You are viewing a plain text version of this content. The canonical link for it is here.
Posted to dev@hive.apache.org by Deepak Jaiswal <dj...@hortonworks.com> on 2018/05/08 06:12:18 UTC

Review Request 66999: HIVE-19453

-----------------------------------------------------------
This is an automatically generated e-mail. To reply, visit:
https://reviews.apache.org/r/66999/
-----------------------------------------------------------

Review request for hive, Jason Dere and Prasanth_J.


Bugs: HIVE-19453
    https://issues.apache.org/jira/browse/HIVE-19453


Repository: hive-git


Description
-------

Extend the load data statement to take the inputformat of the source files and the serde to interpret it as parameter. For eg,
 
load data local inpath '../../data/files/load_data_job/partitions/load_data_2_partitions.txt' INTO TABLE srcbucket_mapjoin
INPUTFORMAT 'org.apache.hadoop.mapred.TextInputFormat'
SERDE 'org.apache.hadoop.hive.serde2.lazy.LazySimpleSerDe';


Diffs
-----

  ql/src/java/org/apache/hadoop/hive/ql/parse/HiveParser.g a837d67b96 
  ql/src/java/org/apache/hadoop/hive/ql/parse/LoadSemanticAnalyzer.java 2b88ea651b 
  ql/src/test/queries/clientpositive/load_data_using_job.q 3928f1fa07 
  ql/src/test/results/clientpositive/llap/load_data_using_job.q.out 116630c237 


Diff: https://reviews.apache.org/r/66999/diff/1/


Testing
-------

Added a test to load_data_using_job.q


Thanks,

Deepak Jaiswal


Re: Review Request 66999: HIVE-19453

Posted by Deepak Jaiswal <dj...@hortonworks.com>.

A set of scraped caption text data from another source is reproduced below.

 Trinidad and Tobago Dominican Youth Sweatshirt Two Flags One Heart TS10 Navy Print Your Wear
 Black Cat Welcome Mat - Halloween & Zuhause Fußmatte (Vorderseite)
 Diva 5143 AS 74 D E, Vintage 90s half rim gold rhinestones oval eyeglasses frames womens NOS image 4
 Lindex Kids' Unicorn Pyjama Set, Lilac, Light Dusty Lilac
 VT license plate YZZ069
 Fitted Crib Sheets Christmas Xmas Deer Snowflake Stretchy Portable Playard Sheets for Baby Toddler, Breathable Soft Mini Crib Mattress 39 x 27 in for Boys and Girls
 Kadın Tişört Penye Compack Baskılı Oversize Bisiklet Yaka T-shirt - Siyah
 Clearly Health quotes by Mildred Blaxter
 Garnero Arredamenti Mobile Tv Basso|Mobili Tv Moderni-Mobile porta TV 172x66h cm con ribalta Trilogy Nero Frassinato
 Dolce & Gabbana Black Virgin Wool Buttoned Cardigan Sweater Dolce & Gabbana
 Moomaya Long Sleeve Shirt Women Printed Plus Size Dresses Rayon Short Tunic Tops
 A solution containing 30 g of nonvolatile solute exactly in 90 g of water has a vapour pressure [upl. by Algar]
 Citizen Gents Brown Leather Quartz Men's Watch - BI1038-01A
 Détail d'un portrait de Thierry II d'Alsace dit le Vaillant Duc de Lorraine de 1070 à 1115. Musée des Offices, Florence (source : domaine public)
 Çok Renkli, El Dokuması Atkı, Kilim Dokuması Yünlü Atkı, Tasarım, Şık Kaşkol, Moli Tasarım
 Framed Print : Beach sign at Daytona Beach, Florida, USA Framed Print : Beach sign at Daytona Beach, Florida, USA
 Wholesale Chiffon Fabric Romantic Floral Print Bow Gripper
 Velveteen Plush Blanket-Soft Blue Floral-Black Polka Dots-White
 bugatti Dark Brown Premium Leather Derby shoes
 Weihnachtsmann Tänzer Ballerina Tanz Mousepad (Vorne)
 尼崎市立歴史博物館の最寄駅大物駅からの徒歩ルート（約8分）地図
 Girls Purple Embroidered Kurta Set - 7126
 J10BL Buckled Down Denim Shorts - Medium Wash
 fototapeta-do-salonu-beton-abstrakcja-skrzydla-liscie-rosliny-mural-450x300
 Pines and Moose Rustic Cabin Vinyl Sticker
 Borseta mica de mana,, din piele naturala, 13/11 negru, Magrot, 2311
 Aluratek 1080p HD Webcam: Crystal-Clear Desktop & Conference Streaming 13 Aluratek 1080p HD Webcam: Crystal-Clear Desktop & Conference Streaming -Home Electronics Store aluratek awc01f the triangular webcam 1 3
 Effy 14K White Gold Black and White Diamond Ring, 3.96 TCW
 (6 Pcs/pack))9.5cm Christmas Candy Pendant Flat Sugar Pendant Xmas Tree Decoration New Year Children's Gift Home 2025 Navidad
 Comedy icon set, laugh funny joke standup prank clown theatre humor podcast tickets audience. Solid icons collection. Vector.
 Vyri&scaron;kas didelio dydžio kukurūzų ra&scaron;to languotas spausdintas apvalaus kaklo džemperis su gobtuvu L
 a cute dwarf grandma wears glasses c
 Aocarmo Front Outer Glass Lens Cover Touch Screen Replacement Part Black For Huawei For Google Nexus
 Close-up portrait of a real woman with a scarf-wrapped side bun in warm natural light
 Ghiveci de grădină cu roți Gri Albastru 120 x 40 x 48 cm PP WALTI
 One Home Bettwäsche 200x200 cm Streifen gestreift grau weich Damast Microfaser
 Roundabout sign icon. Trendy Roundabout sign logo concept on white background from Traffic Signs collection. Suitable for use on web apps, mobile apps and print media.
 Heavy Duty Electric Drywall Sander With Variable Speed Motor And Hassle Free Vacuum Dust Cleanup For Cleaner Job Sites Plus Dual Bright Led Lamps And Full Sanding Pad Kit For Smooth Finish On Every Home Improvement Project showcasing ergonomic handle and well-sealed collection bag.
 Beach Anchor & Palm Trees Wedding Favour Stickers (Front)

> On May 8, 2018, 11:10 p.m., Jason Dere wrote:
> > ql/src/java/org/apache/hadoop/hive/ql/parse/HiveParser.g
> > Line 838 (original), 839 (patched)
> > <https://reviews.apache.org/r/66999/diff/1/?file=2017799#file2017799line839>
> >
> >     Should the inputFileFormat expression be aliased, like '(inputFileFmt=inputFileFormat)?', and referenced in the line below as '$inputFileFmt?'

I followed what we do in createTableStatement to handle fileFormat where it similarly has tableFileFormat which expands into the entire formatting clause.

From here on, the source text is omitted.